La noche del 3 de febrero soplaba el “Siroco”, un viento fuerte acompañado de una fina lluvia, y estos son los acontecimientos que produjeron la fatal y trágica muerte de mi tío: el golpe final del destino. Escribo literalmente según consta en el informe que guardó mi madre y que les envió D. Ramón Soraluce Goñi, Comandante Mayor de la Agrupación de Banderas Paracaidistas del Ejército de Tierra y de la que es Primer Jefe Accidental, el Comandante D. José Blanco Blanco:

“Que el CLP Antonio Fontán Mateo, falleció el 3 de febrero de 1958, y que según declaran testigos presenciales se produjo de la siguiente forma: estaba durmiendo en su puesto porque le tocaba descansar a él y haciendo de puesto en su mismo pozo otro CLP, y limpiando este su armamento por orden de su Oficial teniendo este cargado, por necesidades del servicio como centinela, quitó el seguro y cuando iba a quitar el cerrojo del arma se produjo el disparo que se introdujo en el finado por el bajo vientre, causándole la muerte, pero no instantánea, porque entre el mismo CLP que estaba con él de puesto y con otros compañeros que llamó le hicieron la primera cura individual y luego fue evacuado en Jeep sobre Sidi Ifni donde encontró su muerte. En los últimos momentos demostró su entereza de carácter, perdonando y aliviando la aflicción del CLP, causa involuntaria de su muerte”.
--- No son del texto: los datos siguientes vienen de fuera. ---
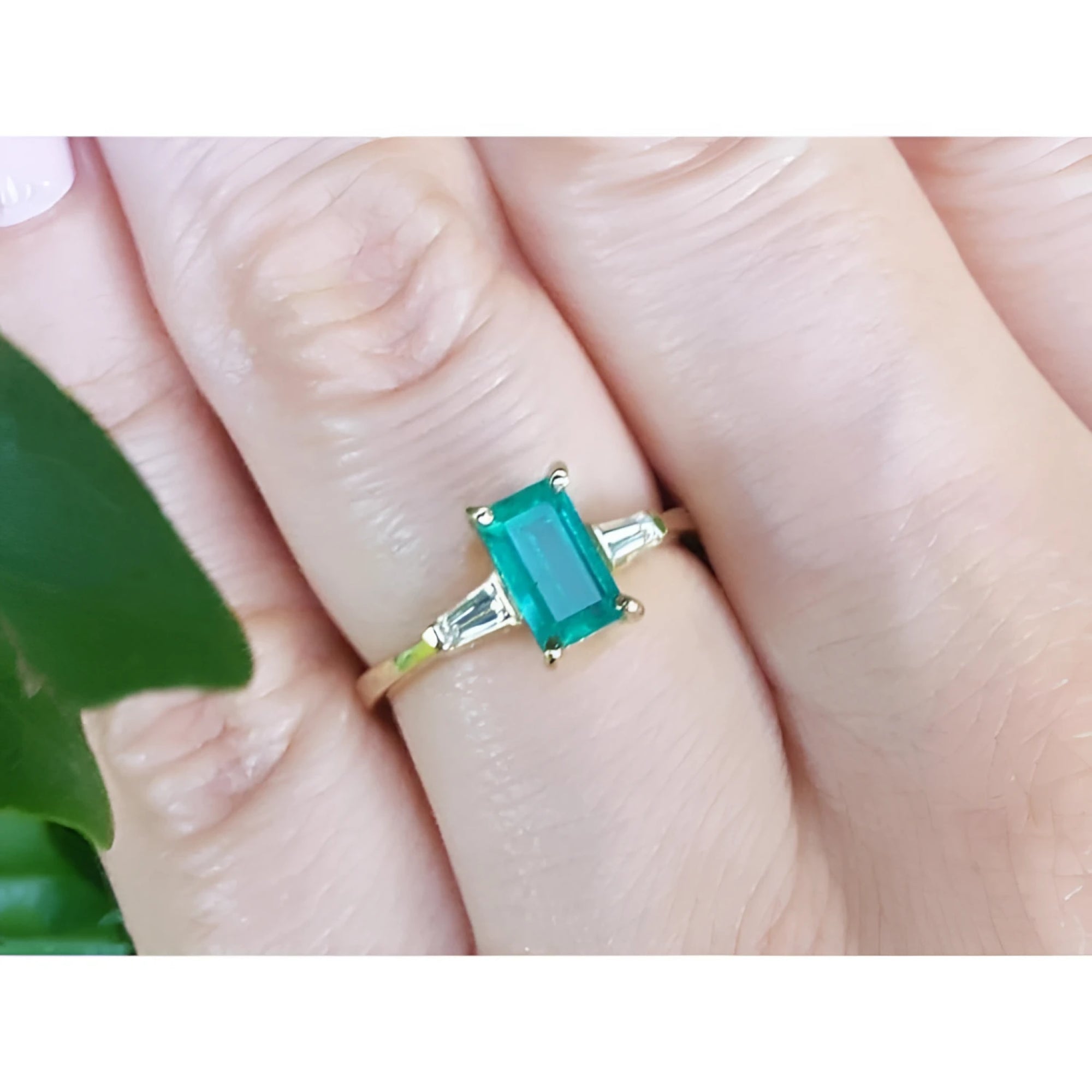 A natural colombian emerald and side baguette diamonds ring for women on a finger.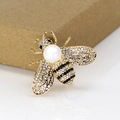 Macro shot of bee brooch featuring white pearls and black rhinestones on gold alloy - Golden Bee Pearl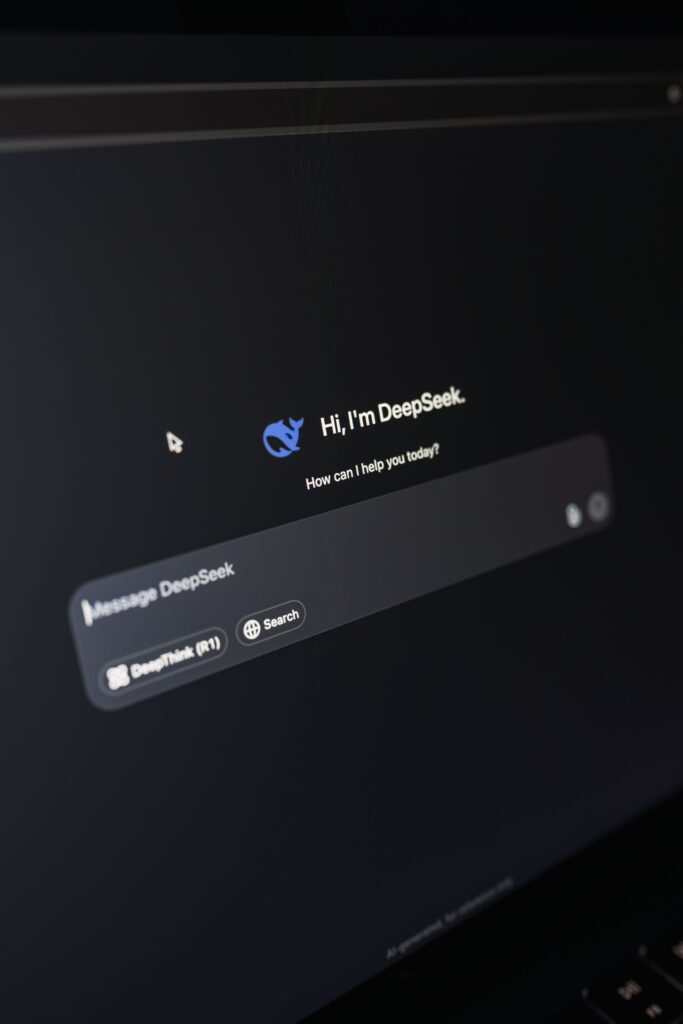pexels-photo-30530412-30530412 Close-up of a laptop displaying an AI interface with a chatbot prompt in dark mode.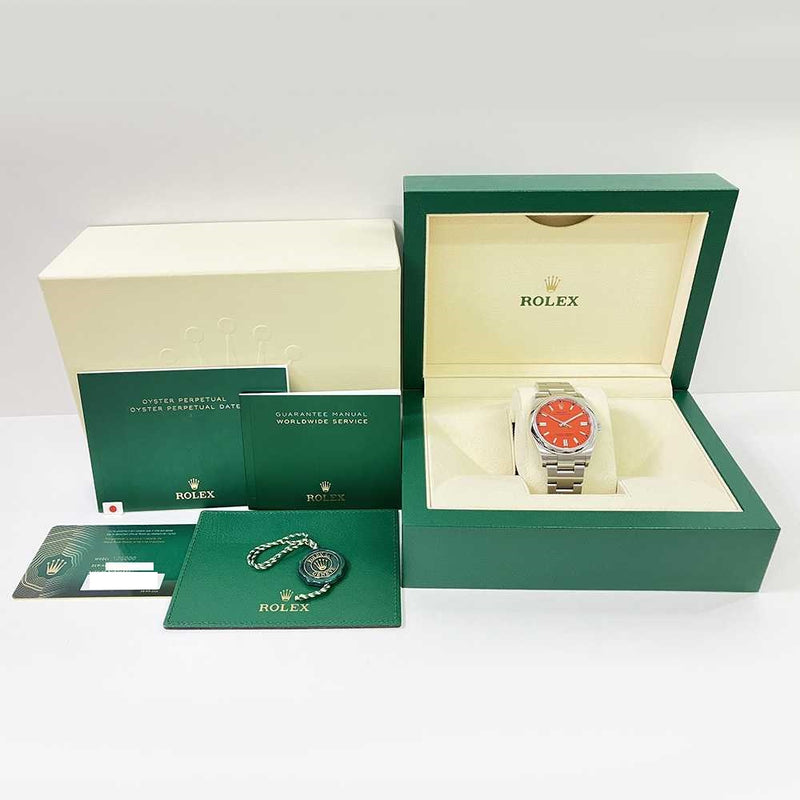 Rolex Oyster Perpetual 126000 Coral Red Dial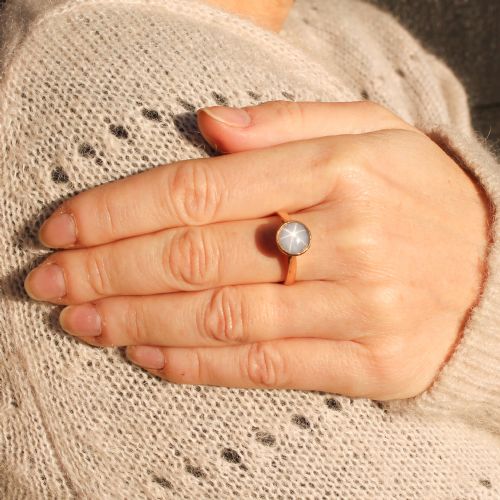 fig 1. A mid-century gold ring set with a bezel-mounted cabochon star sapphire gemstone displaying asterism.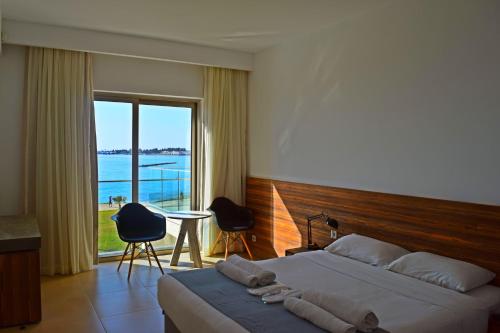 a bedroom with a bed and a view of the ocean at Amphora Hotel & Suites in Paphos City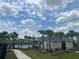 Community pool surrounded by palm trees, manicured lawns, and a charming clubhouse at 477 Madison Dr, Davenport, FL 33837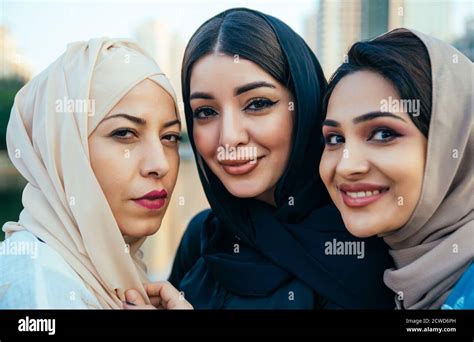 three women friends going out in dubai girls wearing the united arab emirates traditional abaya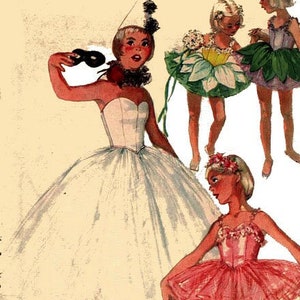 May include: Three girls wearing different ballerina costumes. The girl in the centre is wearing a white tutu and holding a pair of black maracas. The girl on the left is wearing a green and yellow flower-shaped tutu. The girl on the right is wearing a pink tutu.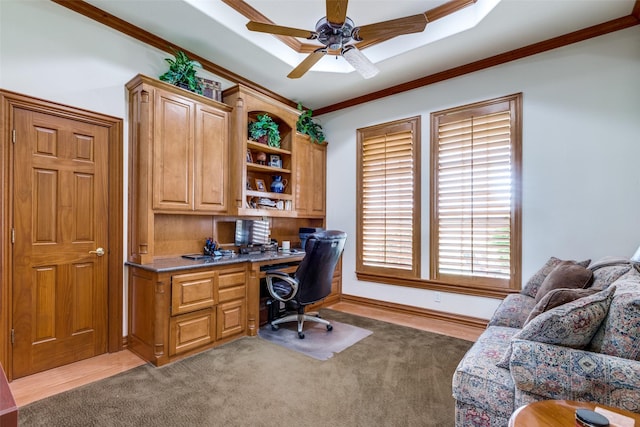 carpeted home office featuring ceiling fan, built in desk, and crown molding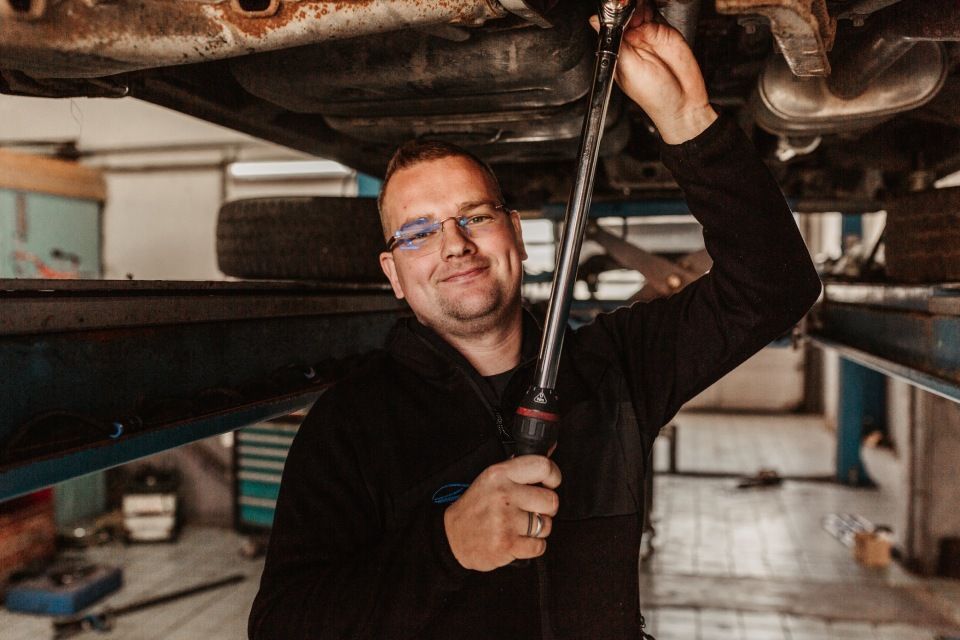 Ein Mechaniker benutzt einen Schraubenschlüssel unter einem auf einer Hebebühne stehenden Auto in einer Autowerkstatt.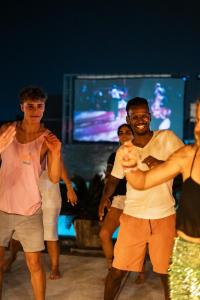 a group of young men dancing on a stage at EBS Hostel Phuket in Ban Karon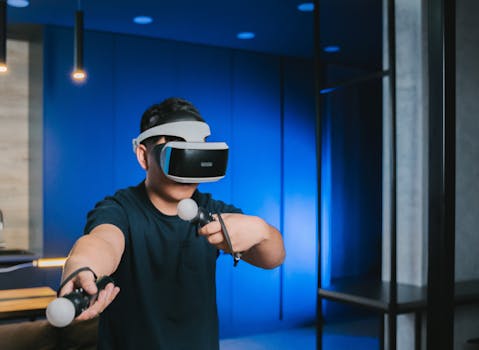 Adult man engaging in a virtual reality game indoors with VR headset and controllers.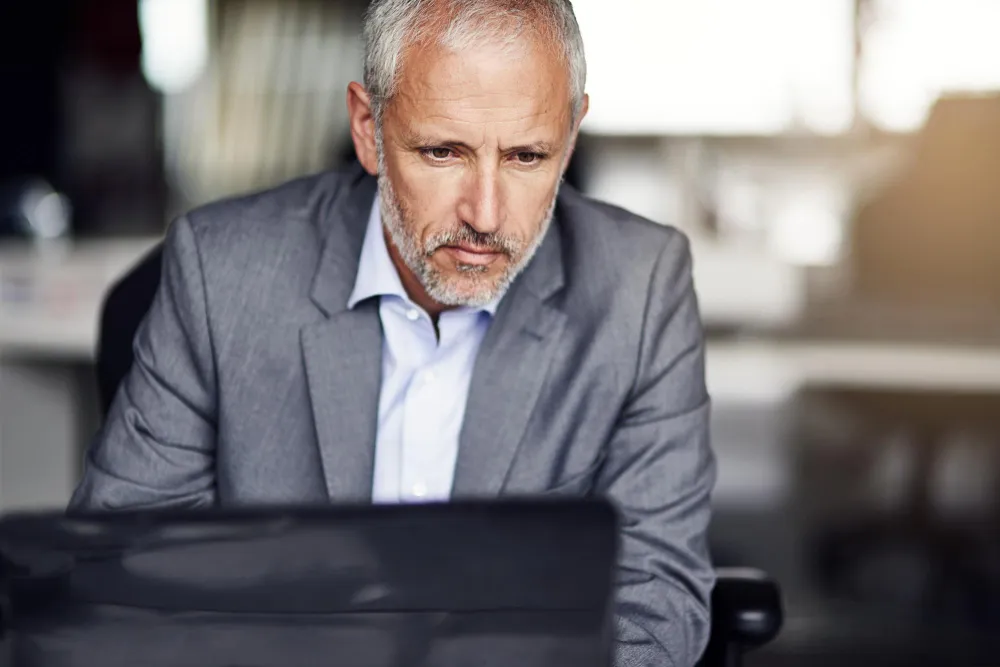 Hombre de mediana edad con chaqueta gris y camisa blanca mirando seriamente una computadora portátil en una oficina.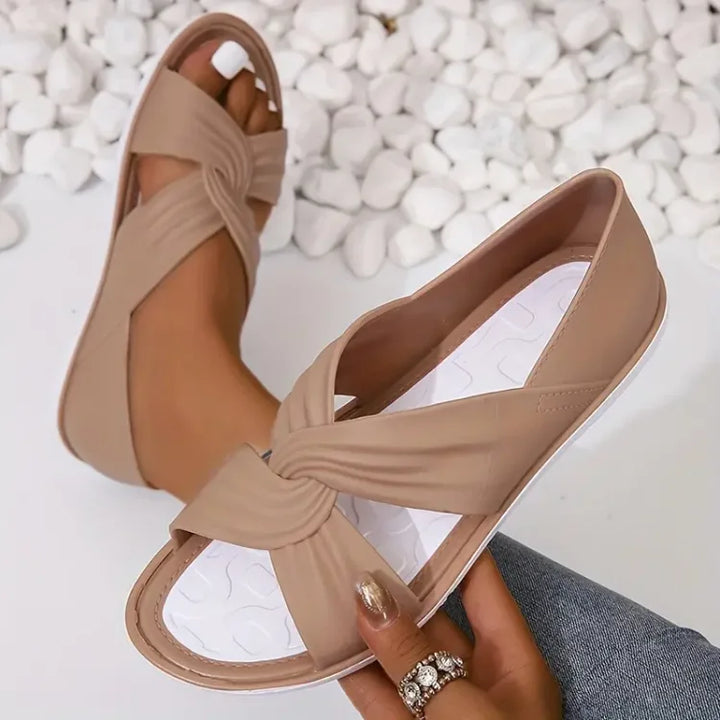 Stylish women's slip-on crossover sandals with soft cushioning, perfect for summer.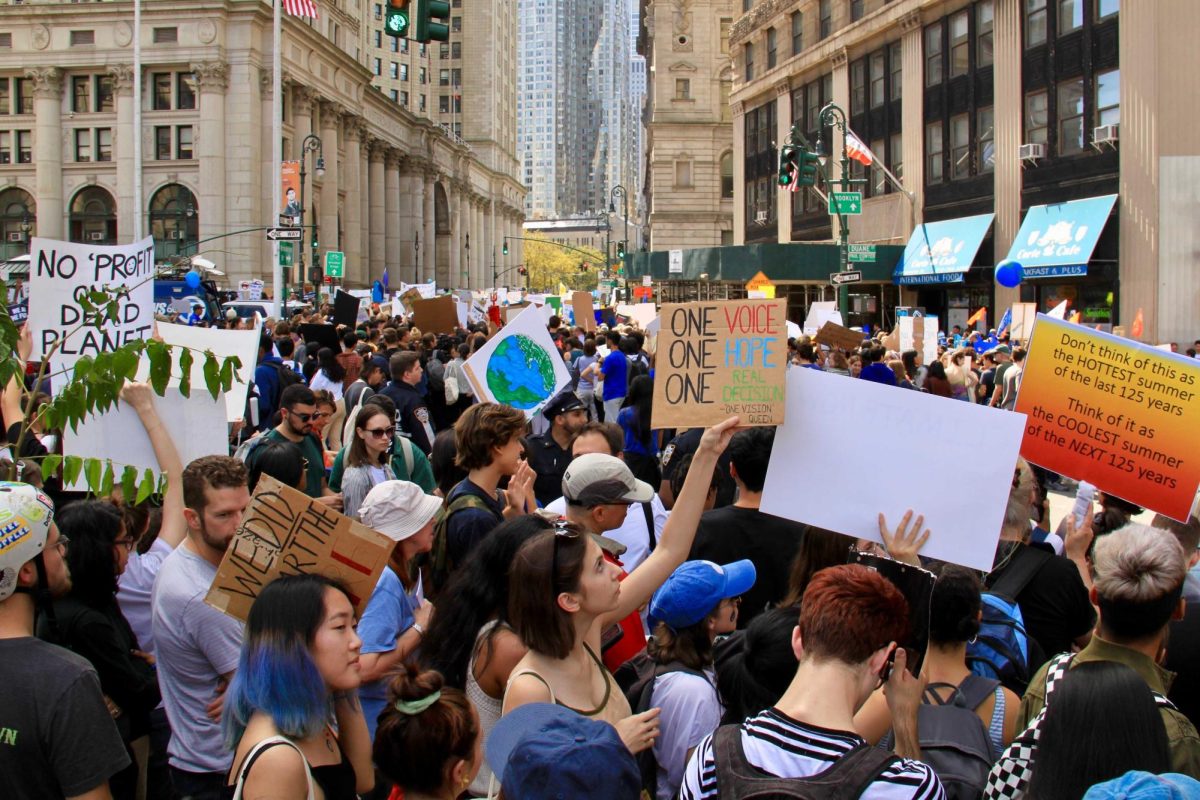 Protestors walk through a crowd, holding various signs in favor of climate change reform, one reads “ONE VOICE, ONE HOPE, ONE REAL DECISION”.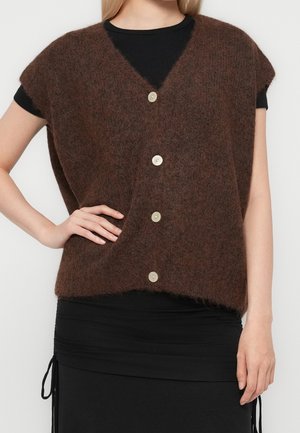Personne portant un gilet sans manches marron duveteux boutonné par-dessus un haut noir et une jupe noire avec des liens sur les côtés, main sur la hanche.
Este informe está fechado el 25 de octubre de 1958, casi nueve meses después de su muerte, tras los insistentes requerimientos de mi madre para que el Ejército les explicara oficialmente cómo había muerto su hermano. Ella siempre temió que le hubiesen capturado los moros porque se contaban verdaderas atrocidades que, según parece, les hacían a los prisioneros capturados por el enemigo. Este temor venía avalado porque el cuerpo de mi tío tardó muchísimo tiempo en ser repatriado, meses, como de igual manera reclamó sus efectos personales en diversas cartas pidiéndoles sus pocas pero entrañables pertenencias. Nunca llegaron. Existen varias cartas del Ejército excusándose, por diferentes motivos, no poder entregar sus efectos personales a los familiares. Mi madre murió con la sospecha que en el féretro que trajeron a su hermano, él no iba dentro.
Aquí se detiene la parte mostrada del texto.